Shenaaz Jamal chronicles her experience donning a so-called 'African' braided hairstyle and what she has taken from it.

Who and what African women are has been a complete mystery to me while growing up. What does she look like?

When I asked myself these questions, my mind seemed to be drawn to the image of a dark-skinned woman with coarse hair.

Mainly because this is all I’ve been fed for the most of my life. How is an African woman then defined? Why is she defined?

When I look around me, I don’t only see dark-skinned women with coarse hair, I see light ones too. Why, then, are African woman defined by their hair so often?

I am a mixed-race girl living in a race-obsessed society. I recently decided to stop defining myself by conforming to being an African or an Indian, or whatever, as it often seemed like I had to be something.

But wait, maybe not, because we, South Africans, have this in-between race we all refer to as “coloured” for those who can't find their “true” identity.

I have long, silky hair and always straighten it so as to fit into the “Indian” society, seeing that I live in Lenasia – a predominately Indian area south of Johannesburg.

For as long as I can remember, people always "struggled" to classify me.
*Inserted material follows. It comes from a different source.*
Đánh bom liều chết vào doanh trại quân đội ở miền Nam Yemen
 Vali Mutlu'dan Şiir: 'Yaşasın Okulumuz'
Borne to an Indian mother and a Portuguese father, I was either not “Indian” enough, not coloured enough or not black enough.
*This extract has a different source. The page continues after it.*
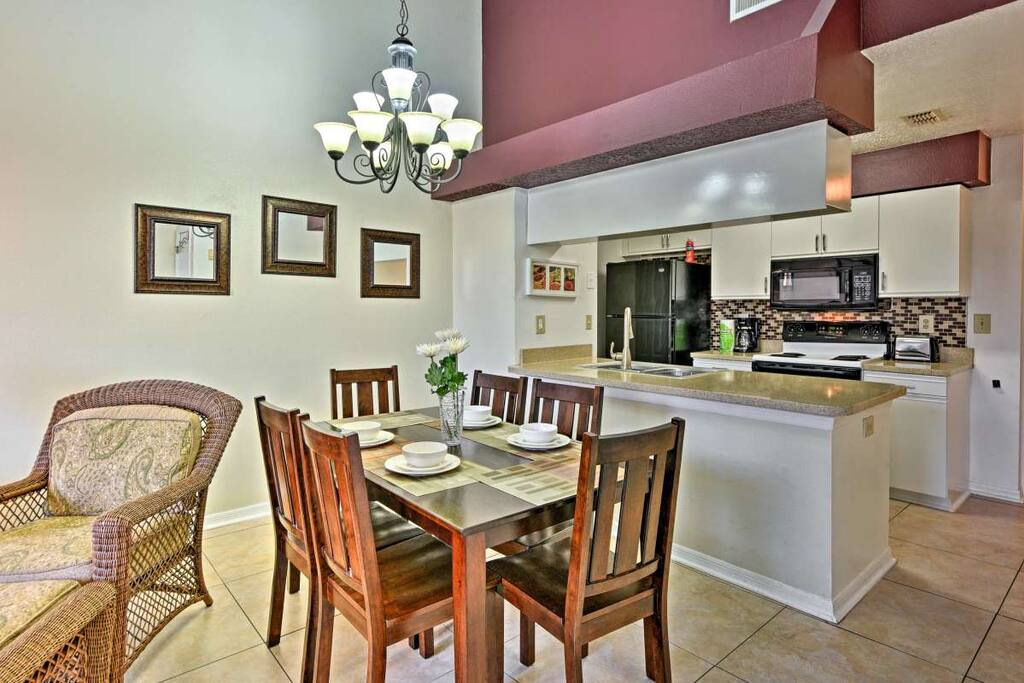 Enjoy a new dining table that can fit 6 people!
Quite frankly, no one could ever figure out what I was because of my natural curly hair – oh, and my fair skin just confuses people more.
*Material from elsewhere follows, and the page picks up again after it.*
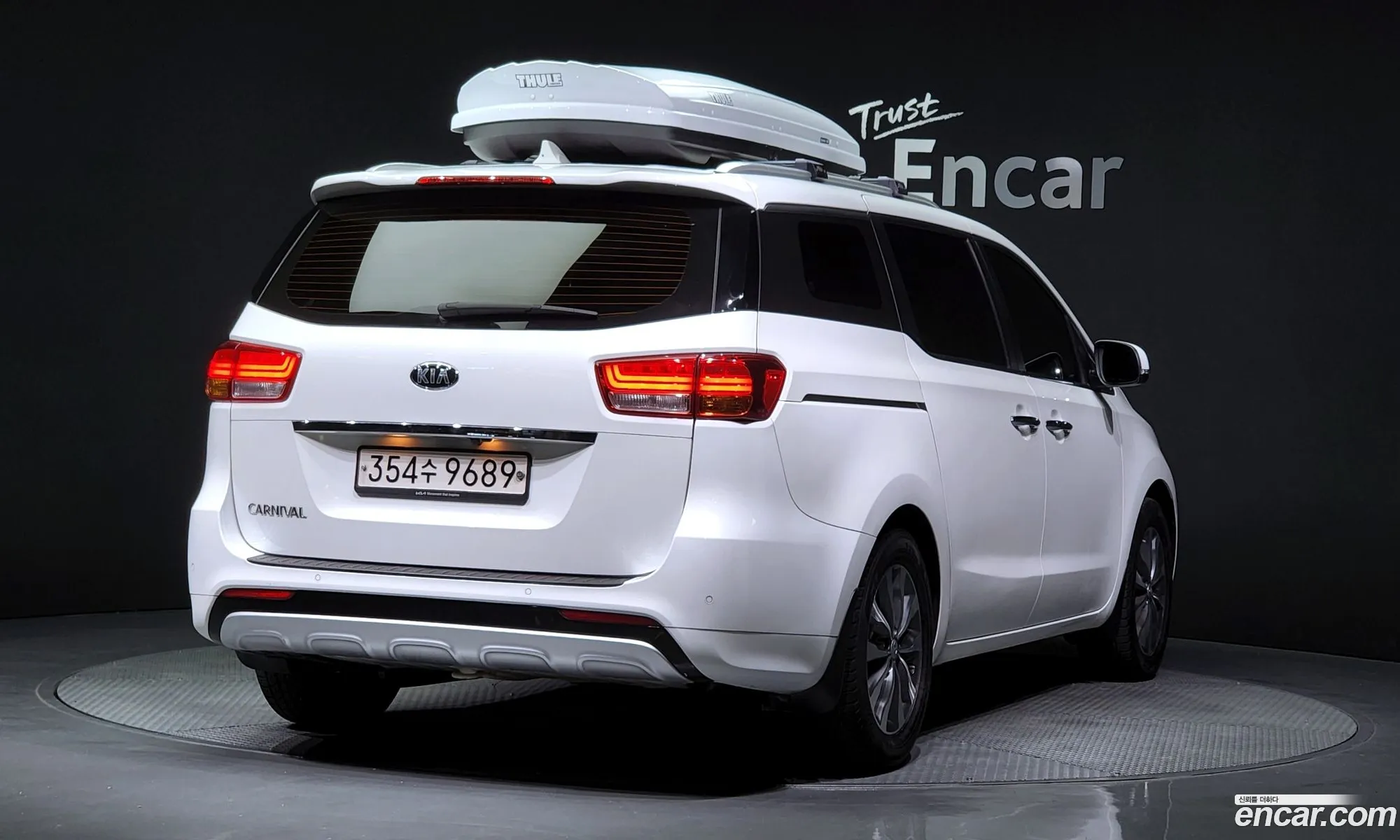 Kia Carnival 9-Seater Luxury 2016 - фотография 15718041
One day after a shower, I looked at myself in the mirror while ran my fingers through my wet curls.

I continued doing this even after it had dried, and noticed I had some difficulty running my fingers through my dried hair. That’s when it finally hit me.

After years of confusion as to what race I belong to, or what my ethnicity was, it finally all made sense – the person I was looking at in the mirror is an African woman.

 

I often see black women with weaves on their heads, and have sat in hair salons long enough to see what is involved in having these strands of imported hair implanted on their hands.

What strikes me the most is the confidence they walk out of the salons with, whereas they were doing the walk-of-shame coming in.

I then wonder, do weaves change what an African woman is and does? I say no!

Weaves don’t make her any less African because she should not be defined by her hair, whether it is natural or fake, long or short, straight or curly.

Her Africanism lives in her like it does in me.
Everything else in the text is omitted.